Total Meltdown, Royal Festival Hall, London

Royal Festival Hall, London
Rating****

When a rock band plays one of London's classical venues, it's frequently a signal that said rock band are taking themselves very seriously indeed. The audience must sit in rapt silence while the band purvey their art, the grandeur of the surroundings is at odds with a rock gig's visceral thrills, and the outcome is dry and bookish, like attending a dull-but-worthy lecture.

Yet Meltdown, the Royal Festival Hall's annual concert series picked by a left-field rock dignitary, regularly surprises. The catholicism of the directors' tastes often leads to genuinely wayward moments. Last year, Scott Walker was curator. Among his choices was an Austrian industrial band called Fuckhead, who concluded their set by stripping naked, sticking a washing line up their bums and hanging clothes off it. That has to be the most memorable finale the Royal Festival Hall has ever seen.

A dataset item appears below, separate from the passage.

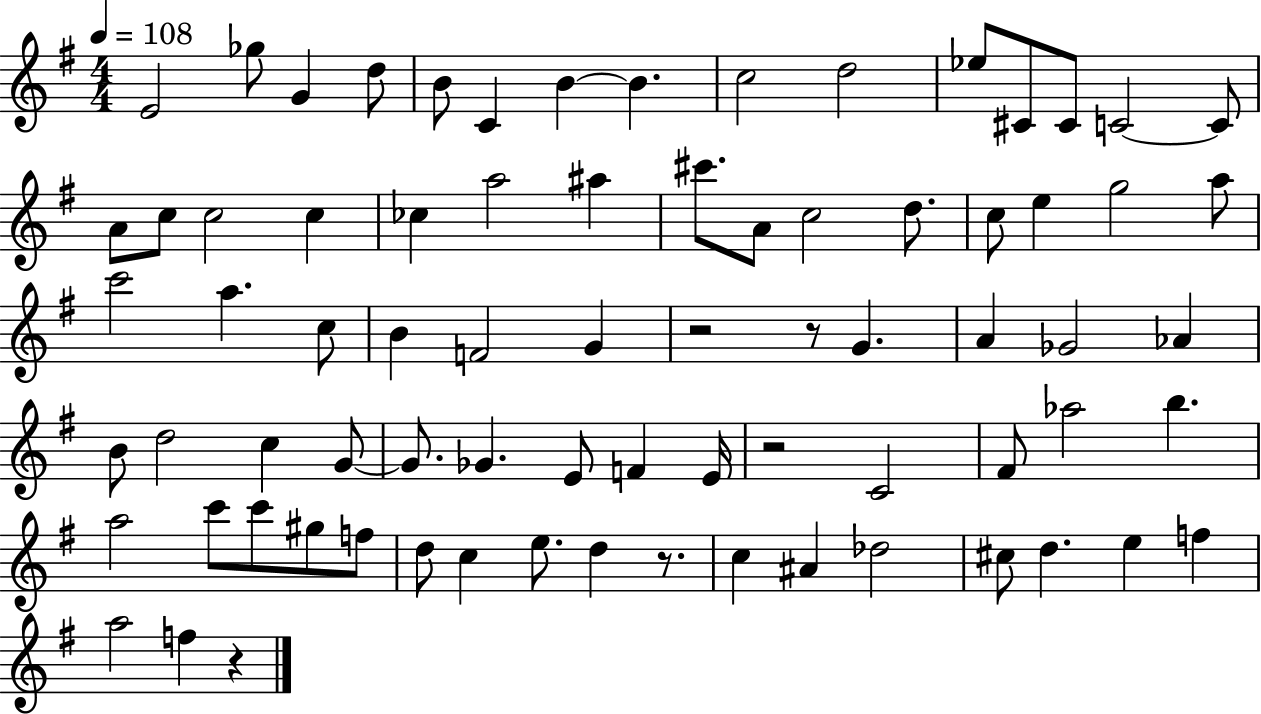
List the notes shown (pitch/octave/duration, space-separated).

E4/h Gb5/e G4/q D5/e B4/e C4/q B4/q B4/q. C5/h D5/h Eb5/e C#4/e C#4/e C4/h C4/e A4/e C5/e C5/h C5/q CES5/q A5/h A#5/q C#6/e. A4/e C5/h D5/e. C5/e E5/q G5/h A5/e C6/h A5/q. C5/e B4/q F4/h G4/q R/h R/e G4/q. A4/q Gb4/h Ab4/q B4/e D5/h C5/q G4/e G4/e. Gb4/q. E4/e F4/q E4/s R/h C4/h F#4/e Ab5/h B5/q. A5/h C6/e C6/e G#5/e F5/e D5/e C5/q E5/e. D5/q R/e. C5/q A#4/q Db5/h C#5/e D5/q. E5/q F5/q A5/h F5/q R/q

Sadly, Fuckhead are absent tonight, which celebrates the venue's 50th birthday by gathering former Meltdown curators. In their absence, erstwhile Pere Ubu frontman David Thomas provides the evening's most startling sight, his notable girth squeezed behind a red plastic apron. Thomas's voice remains as bizarre as his appearance, jumping from whisper to deafening bleat mid-phrase. While Pere Ubu's wit was darkly mordant, Thomas is positively avuncular. Through a dense mesh of treated guitar and trumpet, one song appears to be a complaint against BBC weatherman Michael Fish.

Even by their own sombre standards, Nick Cave and the Bad Seeds' current album, No More Shall We Part, is a remarkably bleak affair, yet tonight Cave too is in playful mood. He chuckles and teases the audience between songs, but his set is affecting and strangely intimate. As they run through a selection of the new album's highlights, Cave's wracked voice and the restrained, stately rumble of The Bad Seeds overcomes the impersonality of the Festival Hall's 1950s interior.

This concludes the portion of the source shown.